Ohio announced some “beyond the current 65 and up” age brackets today but it was a much slower roll - and I don’t think any dates attached? First 60 and up, then 55 and up, then 50
And up…
Perhaps Ohio does not want to set dates because they are not sure enough about vaccine supply to be able to meet any date that they set now.
that’s neither here nor there as my mom was fond of saying.
The (science!) death rates by age are clear:
Plus, there are plenty of essential workers, however defined, in each age group. For example, lotsa teachers 55-65…
I just saw a very sad post in my local Facebook page. A 78 year old man said he finally got an appointment after waiting since January. Today, he drove 3 hours in NJ in a snowstorm (should have only been 2 1/2 but the weather made it longer). He showed up with his confirmation email with a qr code and everything. When he got there, they said his appointment was in March and sent him home. What heartless person at a vaccination center does that, why didn’t they just vaccinate the poor guy while he was there! On a snowy day, I am sure they would have some extra doses from cancellations.
In CT there will be dedicated clinics in March specifically for educators and professional childcare workers.
Gender and race also matter:
http://www.predictcovidrisk.com/
Relative to 65-69/F/W without other conditions, the added risk of death from COVID-19:
- +18.9% 70-74/F/W
- +55.6% 75-79/F/W
- +59.3% 65-69/F/B
- +69.0% 65-69/F/A
- +71.6% 65-69/F/H
- +80.1% 80-84/F/W
- +84.8% 65-69/M/W
- +103.3% 85+/F/W
- +191.7% 65-69/M/B
- +208.9% 65-69/M/A
- +213.6% 65-69/M/H
That suggests that, at least in the older age ranges, prioritization by age risk can allow men to add 15 years to their ages, and can allow minorities to add 10 years to their ages if it were to be made reflective of risks associated with other demographic characteristics that are easily determined.
But that would probably not be popular with most of the posters in this forum section.
sure, let’s assume those numbers are reasonable approximations. But now you are back to slicing and dicing. Just…not…practical (as the Governor’s have figured out).
Speed is of the essence. That said, why not setup more vax places in urban core areas, and not 25 miles out of town with no public transportation available (looking at you Massachusetts.).
As the saying goes, don’t let the perfect (health plan) get in the way of the good.
As an aside, I’m sure all the older healthy marathoners on cc have family members with chronic conditions, so your point if off base, IMO.
Age prioritization is slicing and dicing. Would a free-for-all be faster or better?
Age is easily verified and clearly defined. It is a logical way to simplify the process. I do understand that some people may not have an id with age on it, but the vast majority of people do. What we need is the vast majority of people vaccinated quickly.
So is gender.
Ah, but gender isn’t actually so easily defined! A person can select their gender, but not their age.
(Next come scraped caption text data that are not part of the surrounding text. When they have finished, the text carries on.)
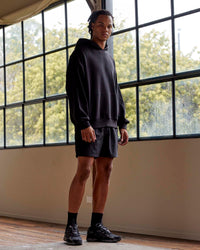 Man wearing Unisex MVP Hoodie Oversize - Black | Thumbnail Index: 2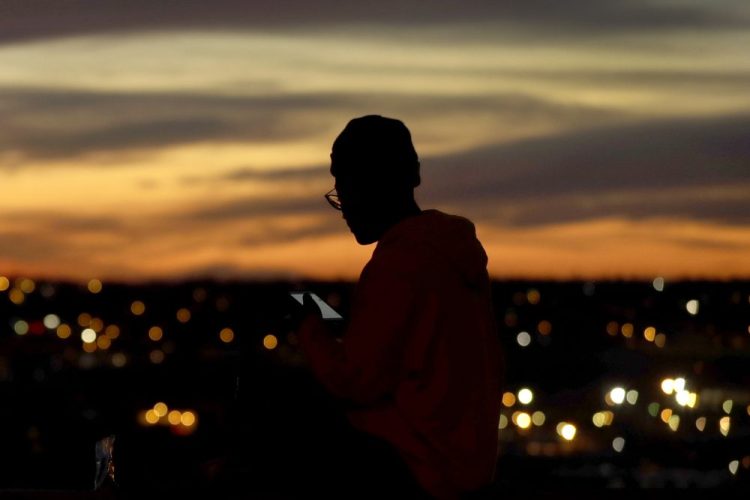 A person looks at a phone as the sun sets, in Kansas City, Mo.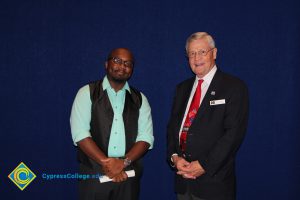 Scholarship recipient with glasses and teal shirt and black vest with a man in a black suit and red tie.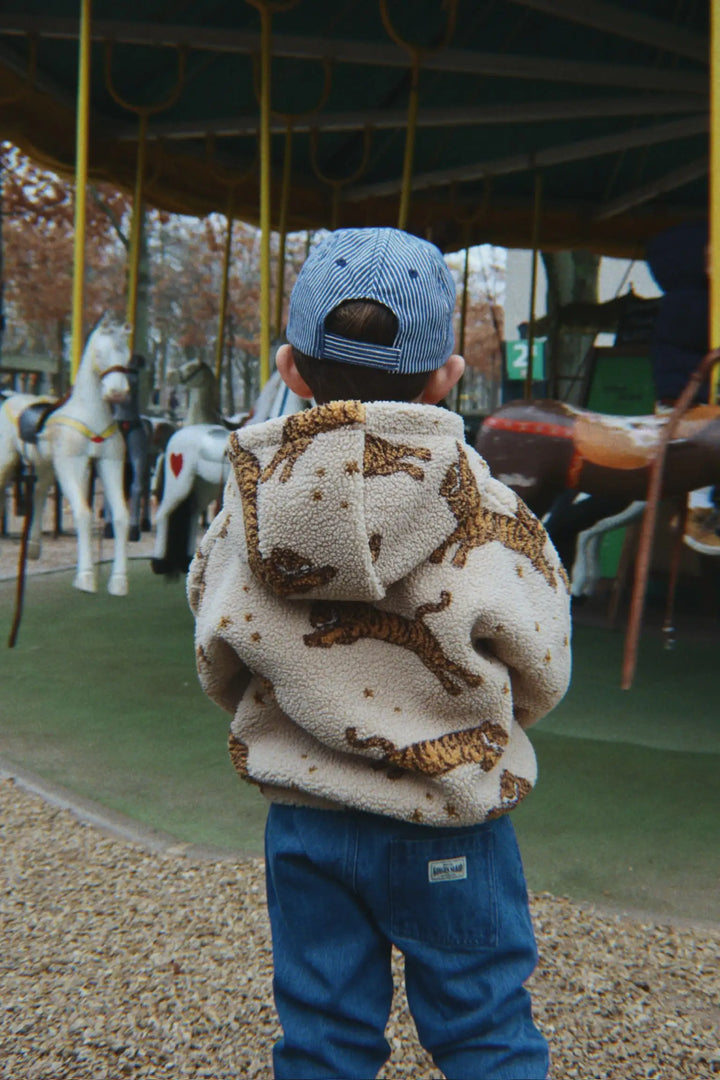 Konges Slojd Jody Teddy Hoodie GRS tiger getragen von einem Jungen vor einem Karussell stehend, Ansicht der Rückseite. 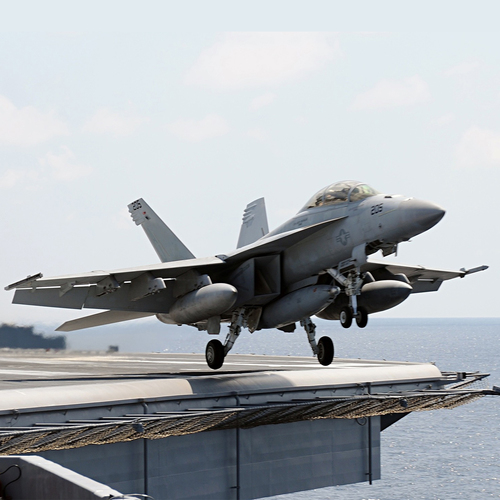 F14 Fighter Jet Carrier Launch Cover Art Blurred Background
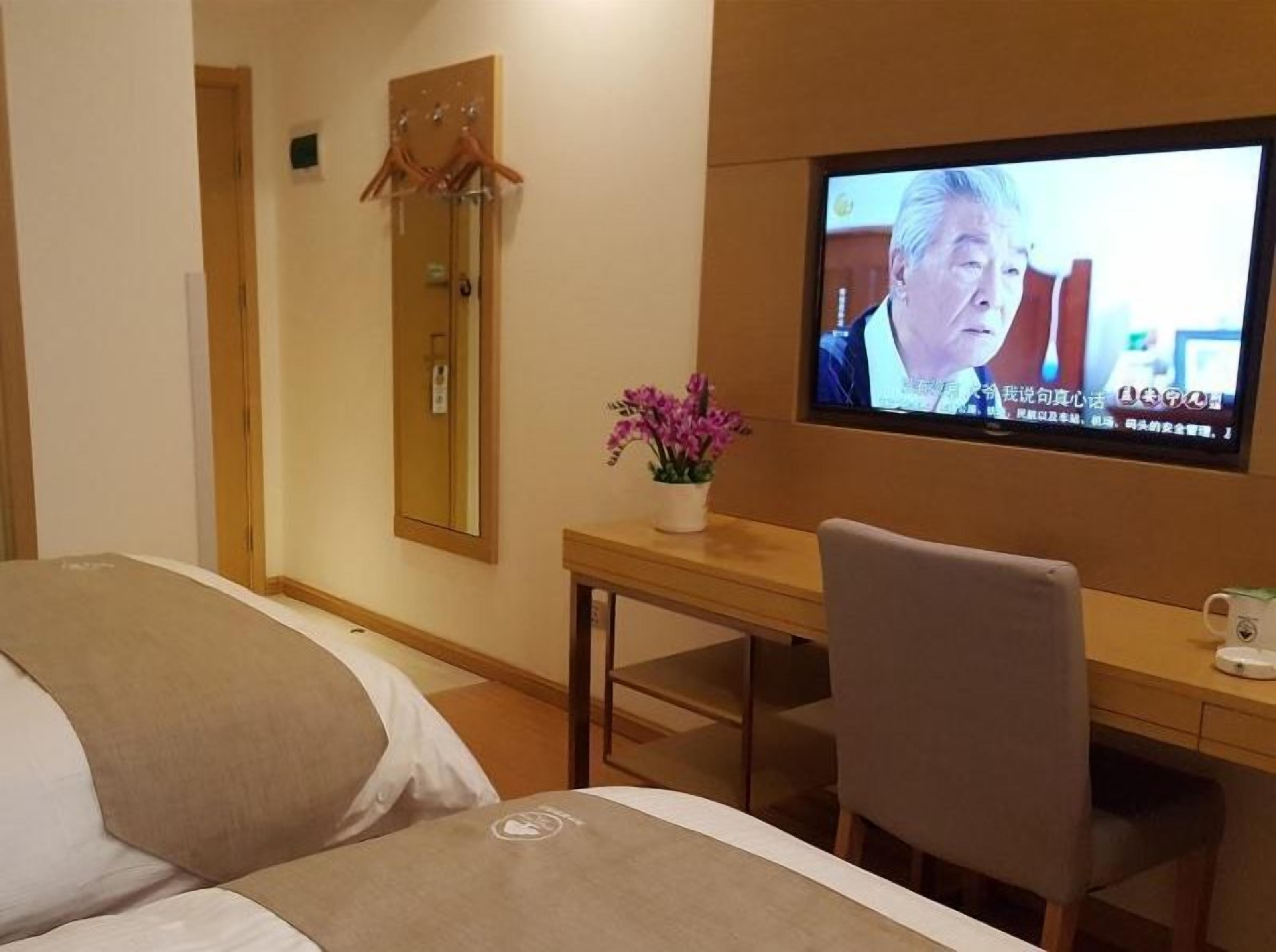 A hotel room with a bed, a desk, a chair, a television, and a mirror.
I am just saying that sometimes simple is better. This whole vaccination process seems like it might benefit from some simplification.
I don’t have a crystal ball so I have no idea if the timeline will change based on availability or not.
Yes there will be. School districts will be hopefully able to set up clinics to vaccinate their staffs…I’m guessing like they do with the flu shots.
This will take the edge off for the many educators who are in the classroom daily…and worry.
My kid’s type 1 diabetes is easy to identify. She just has to lift her shirt and they can see her pump and her CGM devices, inserted.
I have written every official and newspaper I could, to advocate for the inclusion of type 1’s. Her state was going to do strictly age-based, but changed their minds. (Type 1 is still not listed with type 2 as high risk, which is absurd; type 1 is more serious and autoimmune.)
faster, maybe, better, no. But you knew that.
The thing about age brackets is the obvious death rates. (Again, the science!) Not sure why starting with the most at-risk age groups is such a hard concept to grasp. Is it the ‘best’ way (however defined), of course not. But it is simple and it is efficient – two criteria that any ‘best’ way are likely not.
The faster we get to 70%+ vax rate (or whatever the current thy of herd is), the better off everyone is.
Giving men +15 years on their ages would more closely align priority with COVID-19 risk levels (see #967) while not adding significant complexity. Would you consider that to be a bad thing?
In NY state both diabetes types are on the list whereas in NJ only type 2.
since I was almost a biostat major, the math is the math; so, no, not necessarily bad (science). But, the US long ago decided that Unisex tables were the way to go for things like SS and Medicare rates, and RMD tables, so adding years onto a guy’s vax priority is a (political) non-starter.
In PA it just says diabetes.
My friend who has a medical condition that made him eligible for vaccination in NJ got vaccinated today. He said they didn’t ask for any medical verification. They just asked him what kind of condition he had.